Hi,
In one of our setup After changing number of jobs from 4 to 8, with the below error Host is crashing. Any inputs on this
[ 145.717020] 3cq completion failed with wr_id 0 status 13 opcode 1 vender_err 87
[ 145.717505] ERROR EXIT nvmeof_rdma_cq_event_handler
[ 145.718038] 3cq completion in ERROR state
Hi Rama,
So if you are not using iser, srp nor NVmeOF, then what protocol are you using to talk to your SSD’s?
Thank you,
Sophie.
Hi Rama,
What OS, Kernel and driver version are you using? (modinfo mlx4_core | grep -i version).
Have you seen an followed documents:
HowTo Compile Linux Kernel for NVMe over Fabrics https://community.mellanox.com/s/article/howto-compile-linux-kernel-for-nvme-over-fabrics
HowTo Configure NVMe over Fabrics https://community.mellanox.com/s/article/howto-configure-nvme-over-fabrics
What is the last trace generated in the messages file prior to crash?
Are you getting the same result with any jobs above 4 ? (IE: 5,6,7)
vender_err 87 reports a number of RNR NACK exceeding and terminate the QP. (receiver not ready (RNR) error).
Regards,
Sophie.
we are using mlx4 driver , kernel version is 3.17 RHEL
Hi Rama,
I am a little confused, what type of HCA card’s are installed on the Initiator/Target and are you using the mlx* Inbox driver from RHEL?
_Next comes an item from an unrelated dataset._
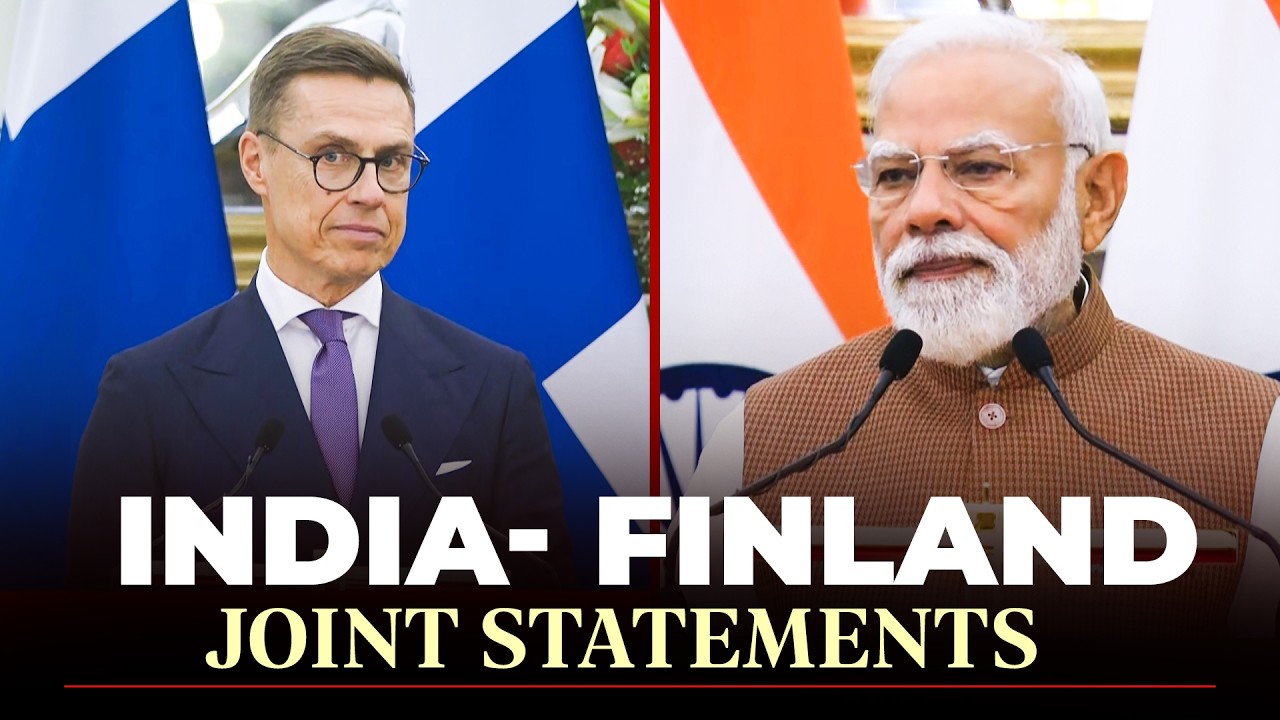 LIVE: PM Modi’s remarks during joint press meet with Finland President Stubb after Exchange of MoUs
You posted Kernel version 3.17 but what OS version? (more /etc/issue or /etc/redhat-release).
This error correlate to Buffer/Memory allocation which can be possibly a FW issue on the HCA cards.
Based on the HCA cards, what is the FW running on them?
Thank you,
Sophie.
Hi Rama,
You posted Kernel version 3.17 but what OS version? (more /etc/issue or /etc/redhat-release).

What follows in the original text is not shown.